» **EXERCISE**:
Beginning with the line where "Photo of Bedroom in Hattiesburg" occurs, set down each line of the records through the final one, exactly and without additions.

(Web page caption snippets)
------

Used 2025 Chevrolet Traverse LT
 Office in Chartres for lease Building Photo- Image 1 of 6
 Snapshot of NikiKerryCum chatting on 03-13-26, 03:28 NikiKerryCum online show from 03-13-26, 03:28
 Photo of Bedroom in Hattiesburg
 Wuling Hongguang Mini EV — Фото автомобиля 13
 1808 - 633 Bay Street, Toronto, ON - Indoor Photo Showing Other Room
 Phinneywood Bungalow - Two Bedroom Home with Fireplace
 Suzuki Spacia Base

------

» **SOLUTION TO THIS PROBLEM**:
 Photo of Bedroom in Hattiesburg
 Wuling Hongguang Mini EV — Фото автомобиля 13
 1808 - 633 Bay Street, Toronto, ON - Indoor Photo Showing Other Room
 Phinneywood Bungalow - Two Bedroom Home with Fireplace
 Suzuki Spacia Base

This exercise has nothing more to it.